Amanda Barbee on how the purity movement cloaks female sexuality in silence and shame, stunting women in their growth as sexual beings and causing long-lasting psychological and spiritual damage.
I don’t normally post about social issues or personal stuff here, but I read this article a few days ago and haven’t stopped thinking about it or the light bulbs it set off for me as a former Evangelical. Today being International Women’s Day, it seemed appropriate to share this article with others who have been, and continue to be, affected by purity culture.
You see, I could have been part of the study group. That was me from the moment I hit puberty and my mother, my friends’ mothers, my Christian schoolteachers, and my church youth leaders began to hammer the message of modesty into my head. That was me when I became aware of sexual feelings but didn’t really understand them or my body or my emotions because my only sex education was 7th grade biology and True Love Waits. That was me when I was sixteen and asked my parents if I could watch Braveheart and they said it was okay so long as I closed my eyes while my friend’s mom fast-forwarded through the sex scenes. That was me when my parents found out I’d been kissing my boyfriend and suddenly it called my relationship with God into question. That was me on my wedding night, giving my husband the most precious gift a woman possessed, crying because I was naked. That was me struggling through the first few years of marriage because sex was supposed to be emotional for women and physical for men, and i just didn’t fit into that box.
This is me now, five years post-Christianity, ten years married, mother of a four year-old, and only now beginning to see how entrenched I was in the purity culture, how twenty-five years in that culture continues to inform my views on relationships and sexuality, how these themes are finding an outlet in my fiction. This is me, accepting of my own sexuality (and feeling damn lucky not to be as scarred by purity culture as many I know are), yet afraid to share my writing, or sometimes even to write at all, because I know that to those (I love) in the purity culture, there is no distinction between sensuality and pornography.
This is me, still naked and ashamed.
Thank you so much for posting this and for pointing out the article to me. For so many years, I thought I was alone in the feelings of shame and disconnection that came from being raised Evangelical and in the Purity movement.
I remember reading “Every Woman’s Battle” in college because I felt ashamed of all the sexual feelings I was having and thought I needed to be ‘cleansed’ of such ‘impurities.’ We were silenced and shunned while men were ‘brave’ and their struggles pretty much glorified. If they gave in, it’s because they couldn’t help it (and it was our job to make sure they weren’t tempted. Nothing eviller than an immodest woman.) If we gave in, we were ruined.

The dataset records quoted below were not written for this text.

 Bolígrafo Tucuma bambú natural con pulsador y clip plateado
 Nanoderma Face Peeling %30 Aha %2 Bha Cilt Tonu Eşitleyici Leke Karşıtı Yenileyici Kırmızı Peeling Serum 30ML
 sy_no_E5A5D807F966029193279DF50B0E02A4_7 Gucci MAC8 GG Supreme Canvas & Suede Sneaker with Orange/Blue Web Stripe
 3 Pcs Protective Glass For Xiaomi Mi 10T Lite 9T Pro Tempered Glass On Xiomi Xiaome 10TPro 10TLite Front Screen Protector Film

I remember having it drilled into my head that there would only ever be one man for me: one first kiss, one first date, etc., and this was how God ordained it. If you weren’t ‘right’ with God, you had no business starting a relationship with a man—the righteous were rewarded and if you had no relationship…it was because you were doing something wrong….and the men around you could obviously see that—at least, that was my takeaway for decades.
Years later, I have no idea how to act around men that I’m interested in or who might be interested in me. I am still coming to terms with the basic functions of my own body.
I think what resonated the most with me was the last line in the article:
The purity movement has desecrated women’s bodies and shamed them into silence and isolation. Much has been lost and there is much to grieve.
I still feel like I’m coming out of that silence and isolation, but it takes years.